Officine Creative, AI 2019/20

Dopo aver presidiato Parigi, New York e Amsterdam con l’apertura di 3 punti vendita monobrand che misurano dai 45 ai 65 metri quadrati, a testimonianza di un processo di internalizzazione avviato e consolidato, il brand aprirà prossimamente altri due monomarca, a Los Angeles e a Shanghai.
 
“Il mercato estero rappresenta il 90% del nostro fatturato di 16 milioni di euro, anche quest’anno aumentato in doppia cifra”, afferma dallo stand di Pitti Uomo il direttore commerciale Tobias Dariz. “Puntiamo a chiudere a 18 milioni quest’anno per arrivare a 20 milioni di euro nel 2020. Il mercato di riferimento del brand sono gli Stati Uniti, col 25% del fatturato, che è il Paese in cui siamo cresciuti di più nell’ultimo quadriennio. Fu nel 2014 che vi insediammo la nostra filiale con i primi impiegati che si occupavano del wholesale, poi un anno e mezzo fa vi abbiamo inaugurato il monomarca newyorchese e l’e-commerce dedicato”.
 
“In Europa i nostri primi mercati sono la Russia, anch’essa col 25% del giro d’affari, poi l’Europa che pesa per oltre il 35%, grazie soprattutto a Germania e Francia, seguite da Regno Unito e Benelux; il resto è ottenuto dai mercati asiatici”, prosegue Dariz.
 
Le calzature di Officine Creative hanno un posizionamento alto, che va dai 400 euro al pubblico come entry price agli 800 euro per le scarpe più importanti. Il marchio è distribuito in circa 570 multimarca top nel mondo, il maggior numero dei quali si trova in Europa. “L’anno scorso siamo penetrati in Cina, ma quest’anno porteremo avanti il progetto sia sul lato wholesale tramite la joint venture già in atto, sia in ambito retail attraverso l’apertura in un secondo momento del monobrand di Shanghai”, precisa Tobias Dariz.

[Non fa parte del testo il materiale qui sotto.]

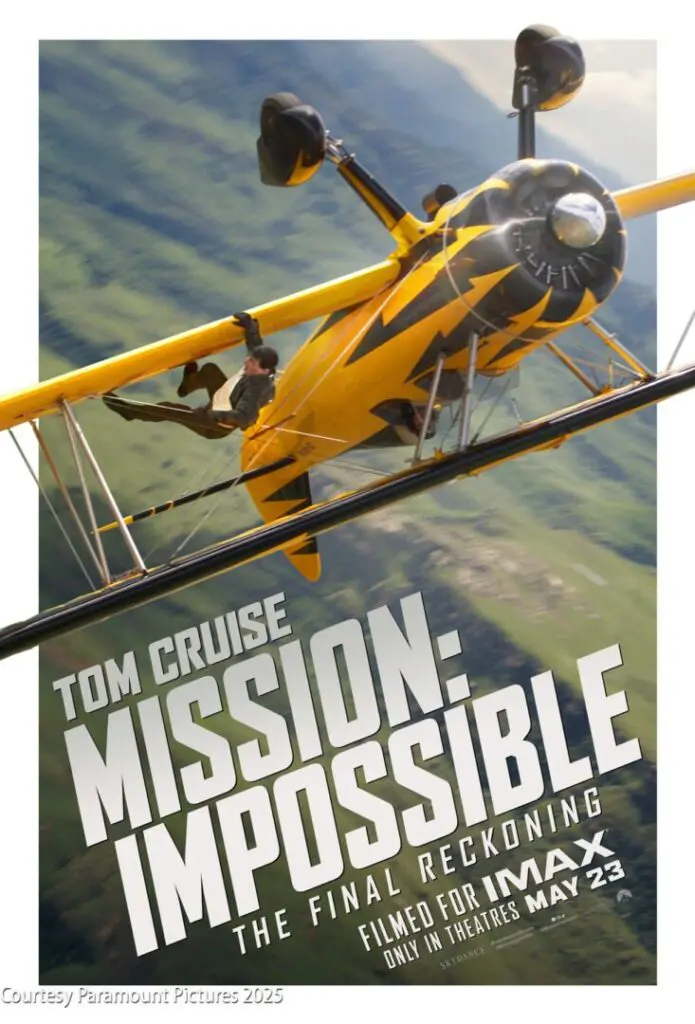 Tom Cruise hangs from the wing of a yellow biplane in midair for the "Mission: Impossible – The Final Reckoning" movie poster, with IMAX release date details shown.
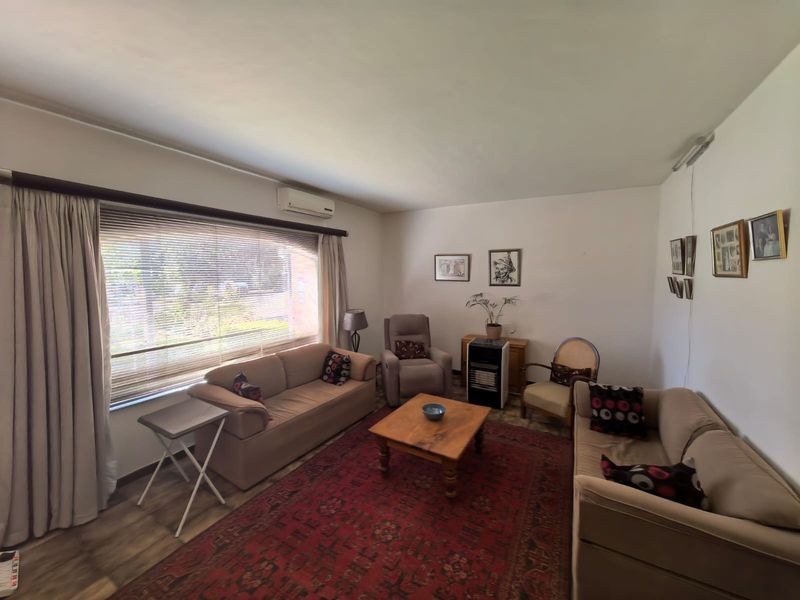 A comfortable living room featuring laminate flooring, a wall-mounted air conditioning unit, and large windows with venetian blinds and curtains.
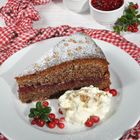 Ein Stück Kuchen mit Puderzucker, Sahne und Preiselbeeren auf einem weißen Teller, umgeben von rot-weißem Stoff.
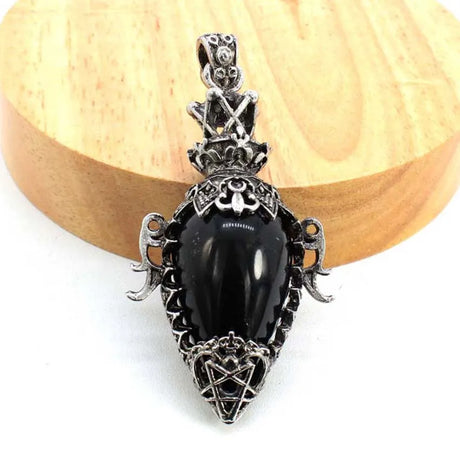 Black pendant with silver decorative elements on a wooden surface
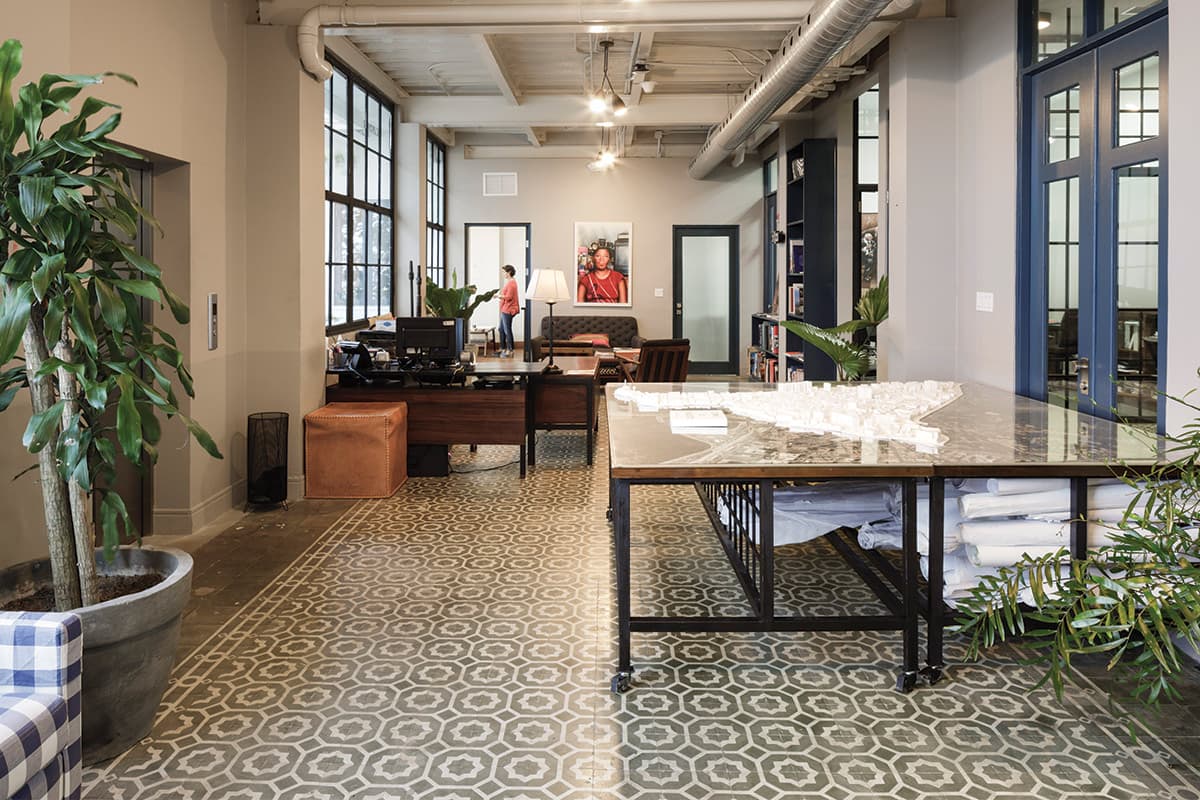 Open-plan office with patterned tile floor and high ceilings inside El Colegio II, Casco Viejo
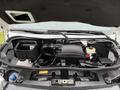 The engine compartment of a 2019 Mercedes-Benz Sprinter showing the engine components and various fluid reservoirs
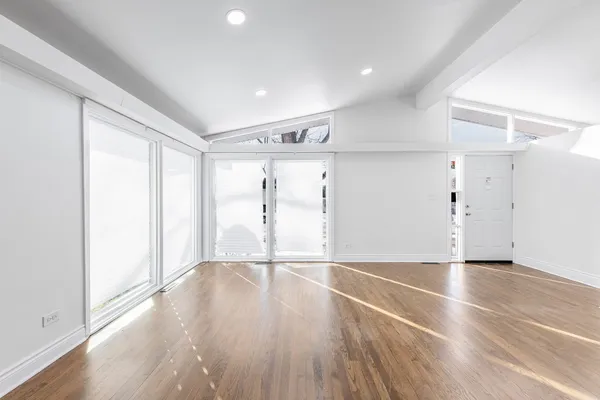 a view of an empty room with wooden floor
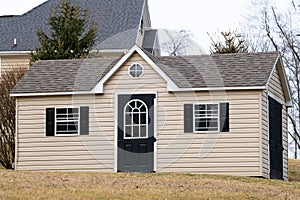 Gray color prefab gardening tools storage shed in the house backyard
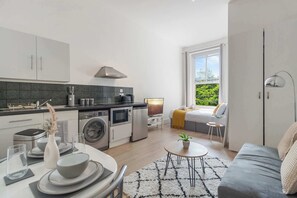 A modern kitchen with a dining area, a sofa, and a view of greenery outside. - Standard Studio (London)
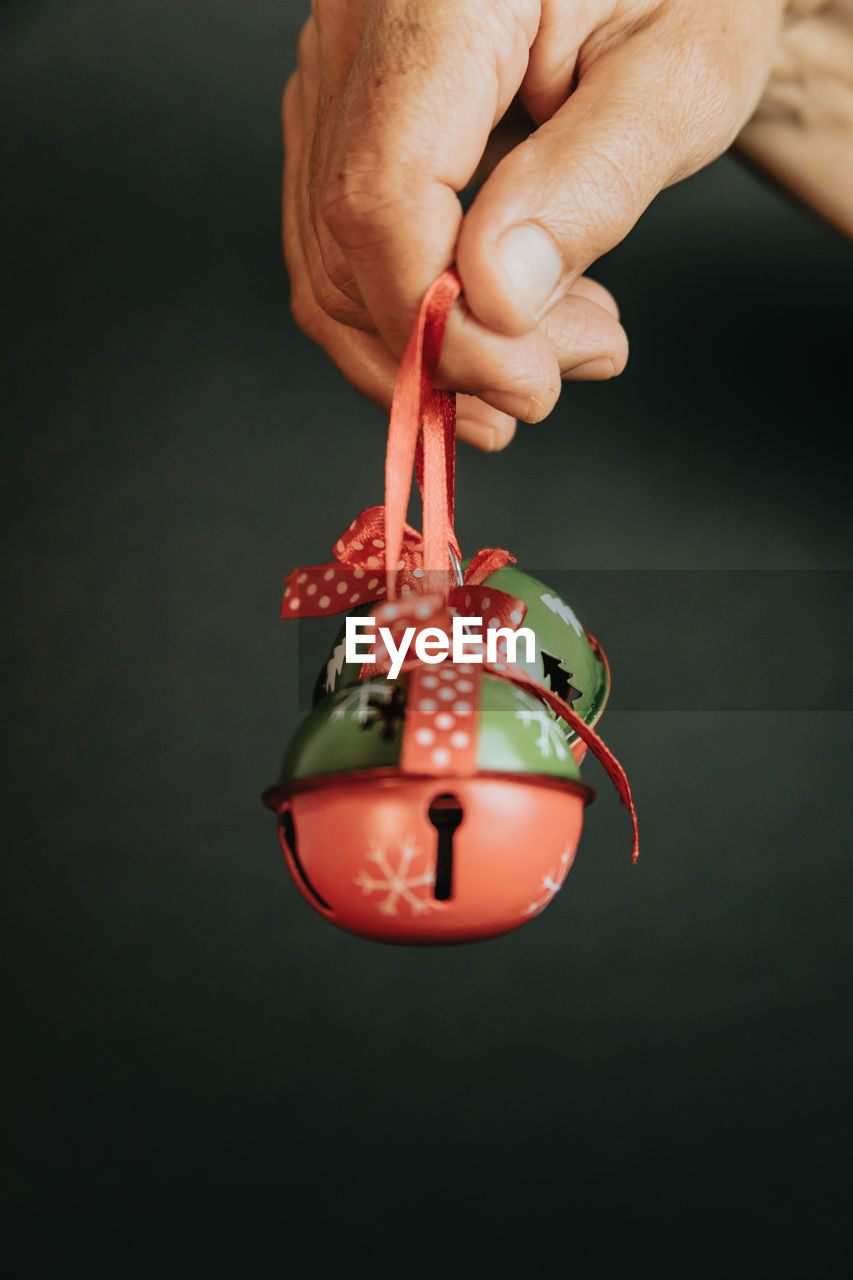 Cropped hand of woman holding christmas decoration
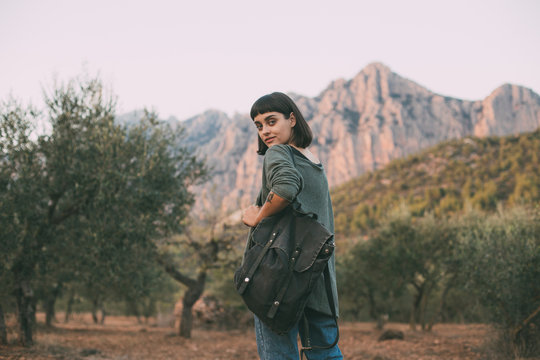 Young female adventurer or tourist explores national park in nature, looks at mountains on sunset, glances at camera from over shoulder, wears comfortable cosy sweater and hipster backpack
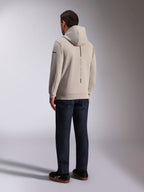 Alpinestars Insight Hoodie, achteraanzicht in cementgrijs, voorzien van een verticale zwarte streep met de tekst 'RACING AHEAD', casual streetwear-ontwerp, gedragen met een donkere jeans en zwarte schoenen.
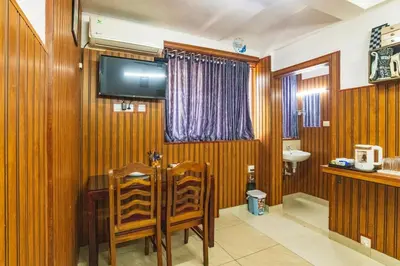 a bathroom with wooden walls and a sink and a toilet at Blue Bell Hotel in Nedumbassery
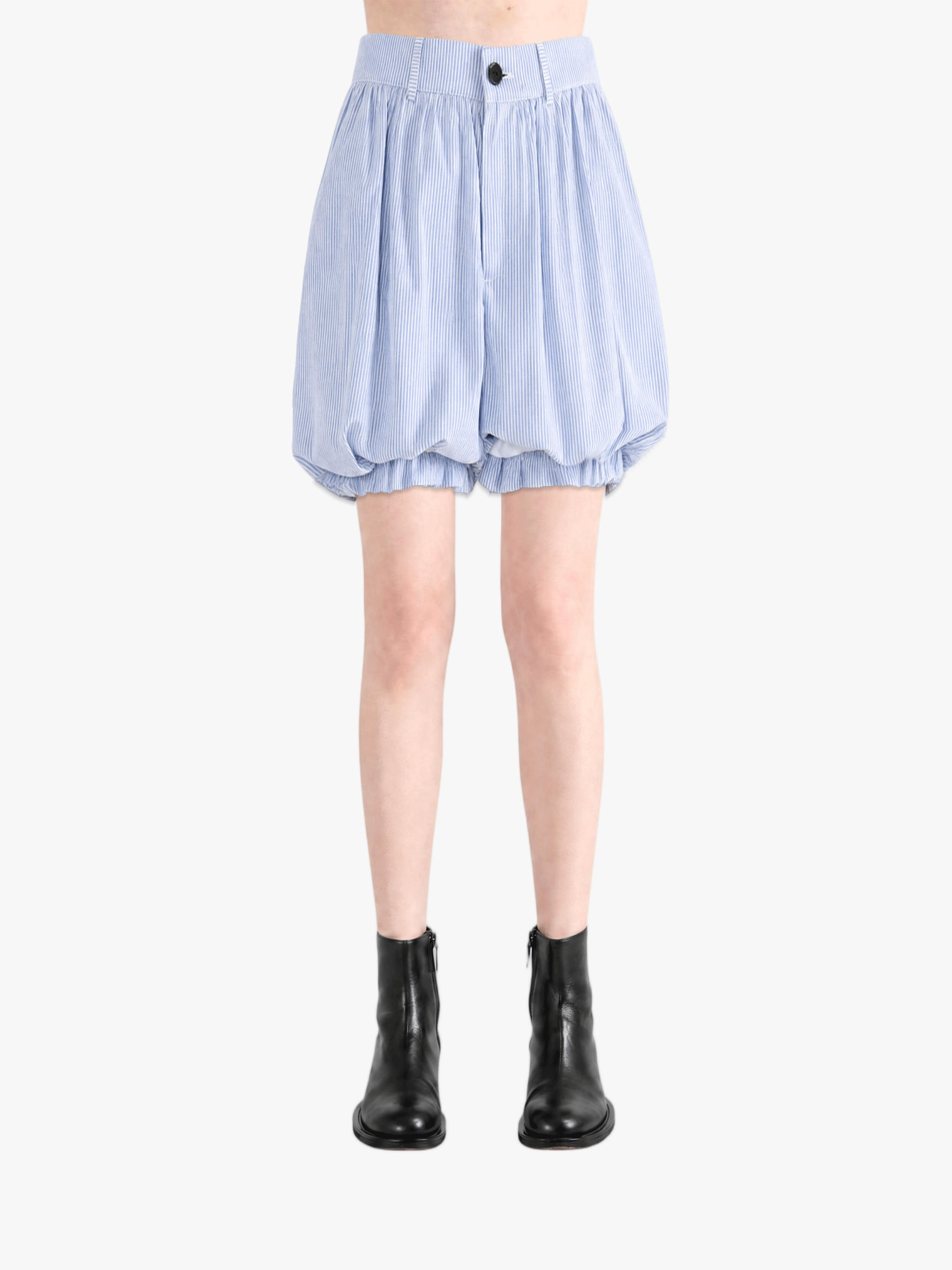 Blue shorts worn by a person, showing the shorts fit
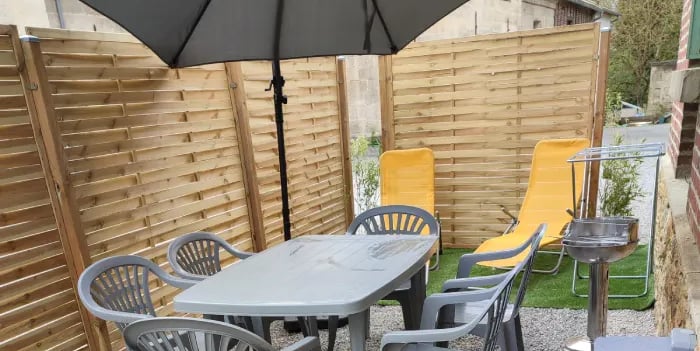 Terrasse ensoleillée avec salon de jardin et parasol. Parfaite pour les repas en plein air. Location de vacances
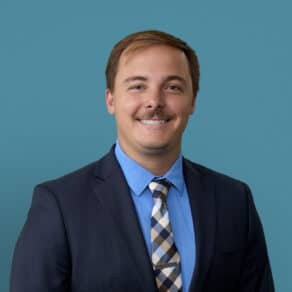 Professional headshot of Jacob Dickman, MD in dark suit and blue shirt smiling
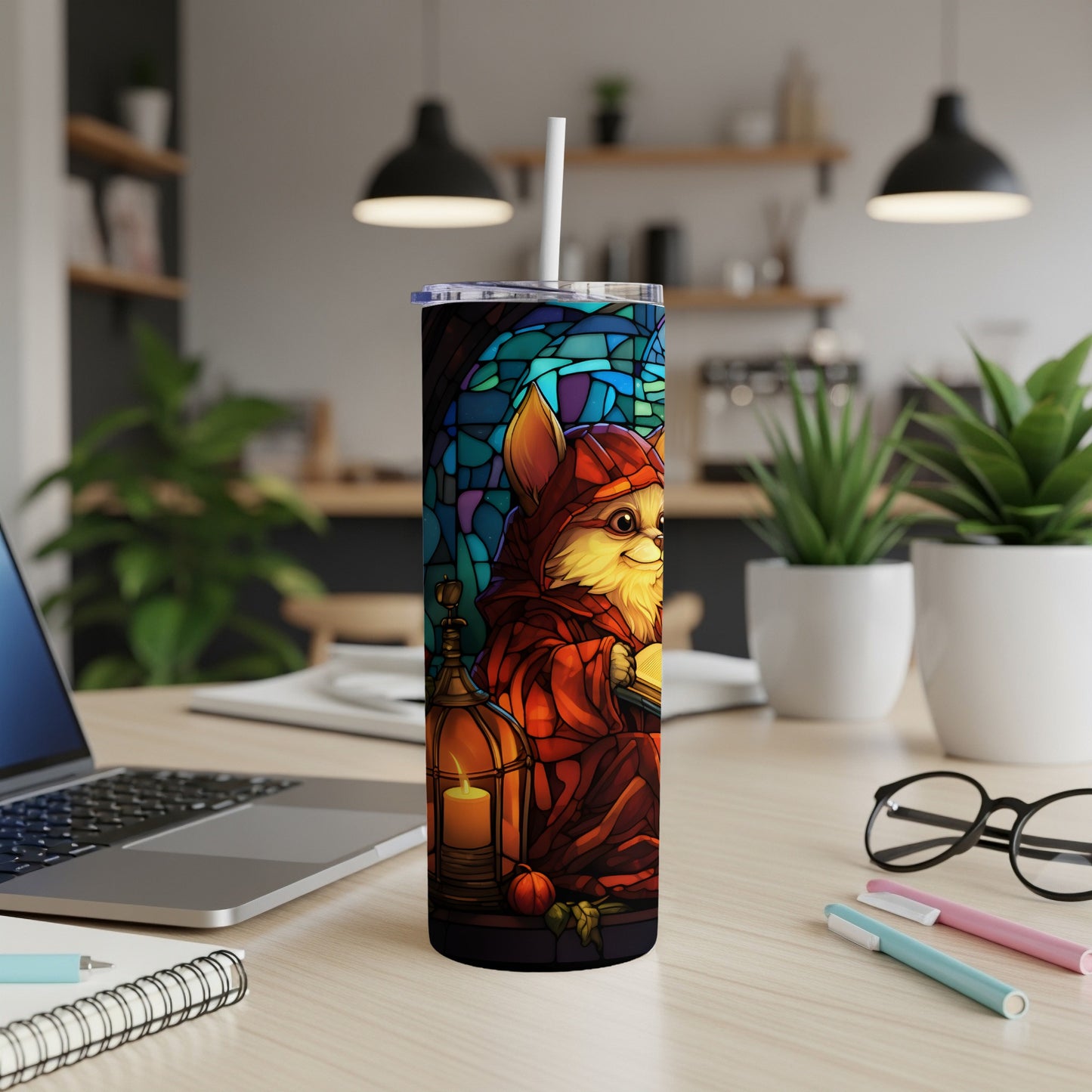 Tumbler with a cartoon cat in a red robe holding a book with stained glass background.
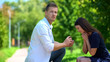 © motortion - Naive young woman admiring wedding ring in hand of ignoring boyfriend, relations
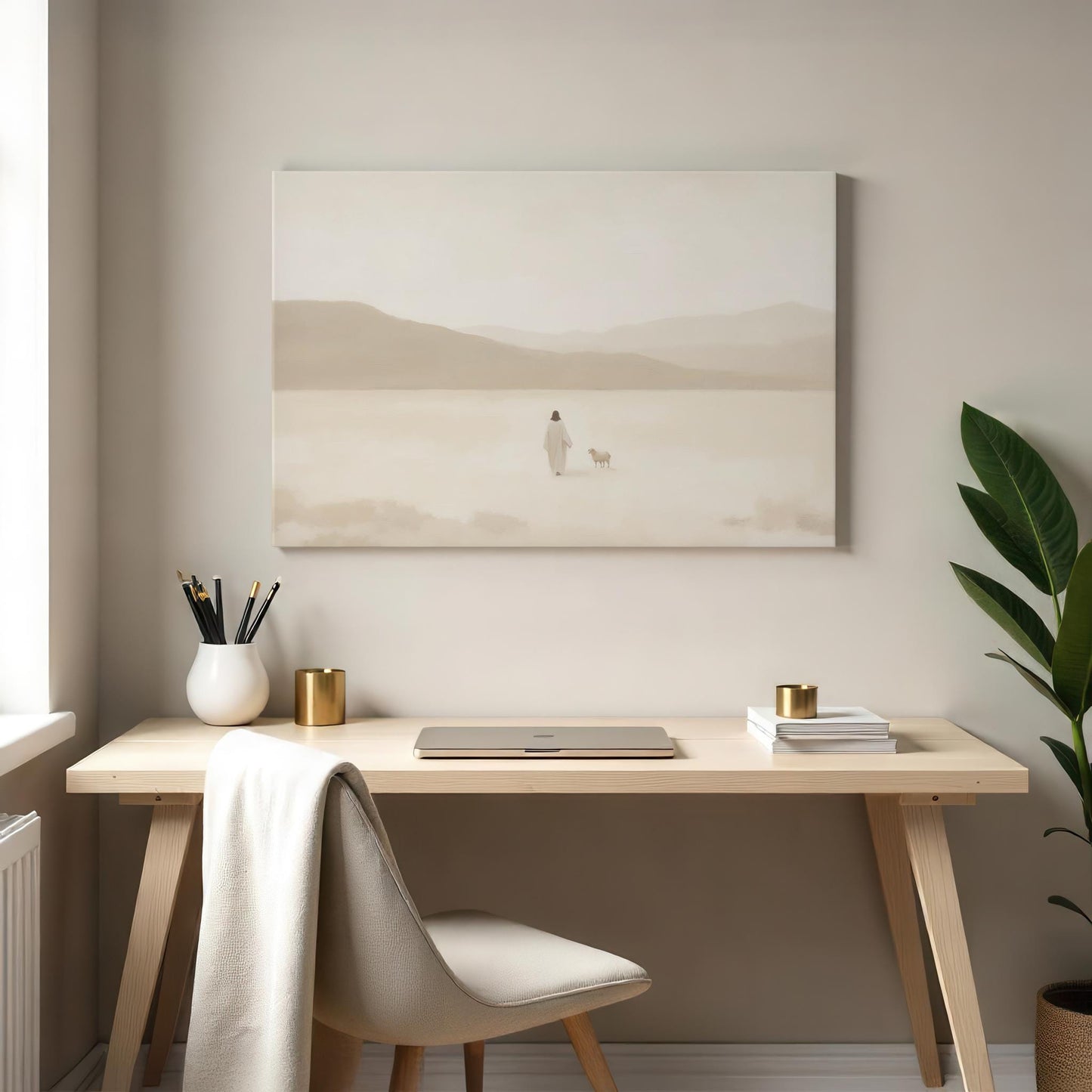 A cozy workspace with a light wood desk, beige chair, and minimalist decor, including a laptop, gold accents, and a plant. Above the desk hangs a serene gallery-wrapped canvas of Jesus and a lost sheep in a soft desert landscape.
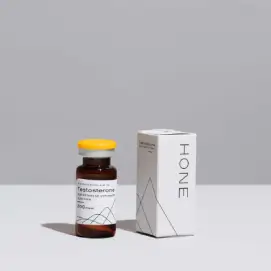A vial of injectable testosterone from Hone next to its box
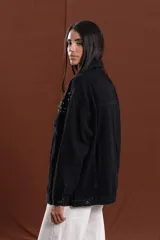 Campera de jean negra con tachas metálicas en los hombros y parte superior de la espalda. Tiene cuello camisero, botones frontales y bolsillos en el pecho.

Officine Creative, AI 2019/20

Usualmente identificato come brand di prodotti da uomo, perché con quelli iniziò l’attività, in realtà Officine Creative ha presentato immediatamente dopo un’offerta di calzature femminili, che da un anno è persino arrivata a scavalcare l’uomo nel giro d’affari generato (55% a 45%).
 
Ma non solo, Officine Creative realizza anche borse e piccoli accessori di pelletteria. “In tempi recenti abbiamo iniziato a confezionare borse intrecciate tinte in capo e oggi ne proponiamo sia per l’uomo che per la donna. Stiamo cercando di spingere maggiormente sulla piccola pelletteria”, conclude il direttore commerciale. Il brand marchigiano sta infine definendo un piano strutturato di diversificazione del prodotto che porterà alla creazione di linee esclusive per i monobrand store, per il retail o per i partner online.